Papers Explained 38: Longformer
The original Transformer model has a self-attention component with O(n²) time and memory complexity where n is the input sequence length. To address this challenge, we sparsify the full self-attention matrix according to an “attention pattern” specifying pairs of input locations attending to one another. Unlike the full self-attention, our proposed attention pattern scales linearly with the input sequence, making it efficient for longer sequences.
Sliding Window
Given the importance of local context, our attention pattern employs a fixed-size window attention surrounding each token.
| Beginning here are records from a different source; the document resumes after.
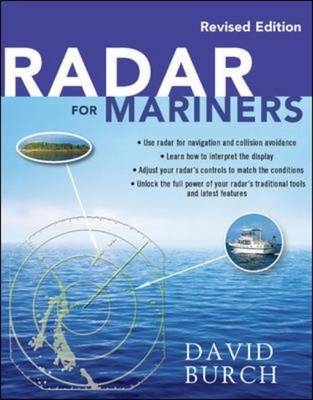 Radar for Mariners, Revised Edition -  David Burch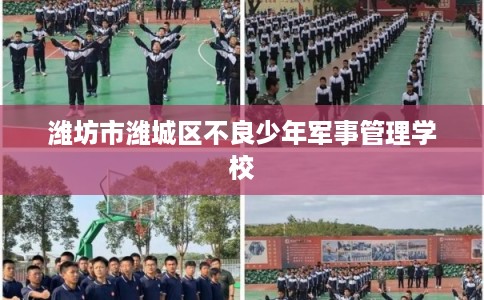 潍坊市潍城区不良少年军事管理学校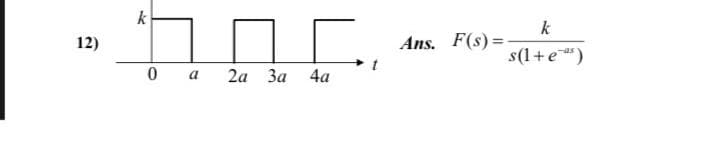 k
k
12)
Ans. F(s) =
s(1+e")
0 a
2а За
4a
Using multiple stacked layers of such windowed attention results in a large receptive field, where top layers have access to all input locations and have the capacity to build representations that incorporate information across the entire input, similar to CNNs.
Dilated Sliding Window
To further increase the receptive field without increasing computation, the sliding window can be “dilated”. This is analogous to dilated CNNs where the window has gaps of size dilation d.
Global Attention
We add “global attention” on few pre-selected input locations. Importantly, we make this attention operation symmetric: that is, a token with a global attention attends to all tokens across the sequence, and all tokens in the sequence attend to it.
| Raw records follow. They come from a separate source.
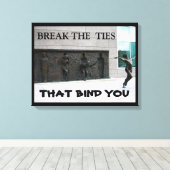 BRECHEN SIE DIE KRAWATTE, DIE SIE BINDEN LEINWANDDRUCK (Insitu (Holzboden))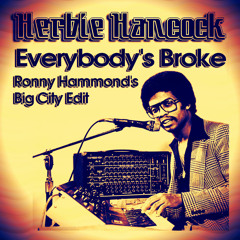 Herbie Hancock - Everybody's Broke (Ronny Hammond's Big City Edit) (FREE DL)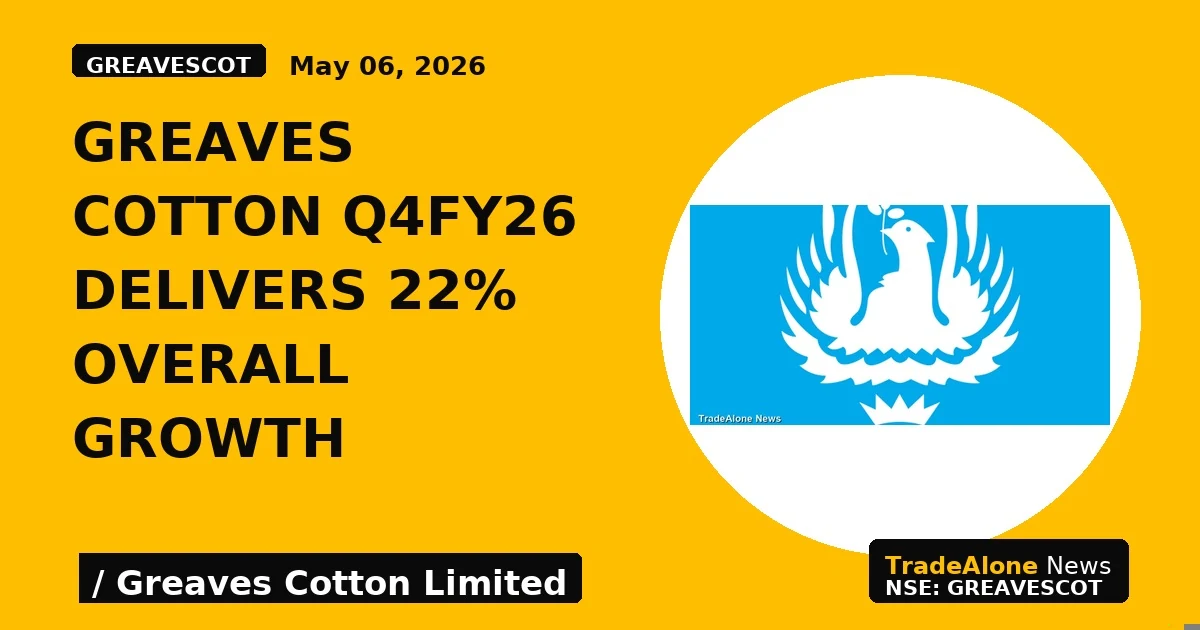 Greaves Cotton Q4fy26 Delivers 22% Overall Growth - TradeAlone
Linear Projections for Global Attention
We use two sets of projections, Qs, Ks, Vs to compute attention scores of sliding window attention, and Qg, Kg, Vg to compute attention scores for the global attention. The additional projections provide flexibility to model the different types of attention, which we show is critical for best performance on downstream tasks. Qg, Kg, Vg are all initialized with values that match Qs, Ks, Vs.
Implementation
In regular transformers, the expensive operation is the matrix multiplication QK^T because both Q and K have n (sequence length) projections. For Longformer, the dilated sliding window attention computes only a fixed number of the diagonals of QK^T
For autoregressive language modeling we use our dilated sliding window attention. We use differing window sizes across the layers. In particular, we use small window sizes for the lower layers and increase window sizes as we move to higher layers. This allows the top layers to learn higher-level representation of the entire sequence while having the lower layers capture local information.
We do not use dilated sliding windows for lower layers to maximize their capacity to learn and utilize the immediate local context.
Training
In the first phase we start with a short sequence length and window size, then on each subsequent phase, we double the window size and the sequence length, and halve the learning rate. This makes training fast, while keeping the slow part to the end. We train the model over 5 total phases with starting sequence length of 2,048 and ending sequence length of 23,040 on the last phase.
Evaluation
We evaluate with sequences of length 32,256. We split the dataset into overlapping sequences of size 32,256 with a step of size 512, and report the performance on the last 512 tokens on the sequence.
Pretraining
We pretrain Longformer with masked language modeling (MLM). Since MLM pretraining is expensive, we continue pretraining from the RoBERTa released checkpoint, while only making the minimal changes necessary to support Longformer’s attention mechanism. Note that our attention pattern can be plugged into any pretrained transformer model without the need to change the model architecture.
Attention Pattern
We use sliding window attention with window size of 512, therefore using the same amount of computation as RoBERTa.
Position Embeddings
RoBERTa uses learned absolute position embeddings with the maximum position being 512. To support longer documents, we add extra position embeddings to support up to position 4,096.
Continued MLM Pretraining
We pretrain Longformer using fairseq on a corpus of long documents.
Frozen RoBERTa Weights
We also pretrained Longformer while freezing all RoBERTa weights, and only training the new position embeddings.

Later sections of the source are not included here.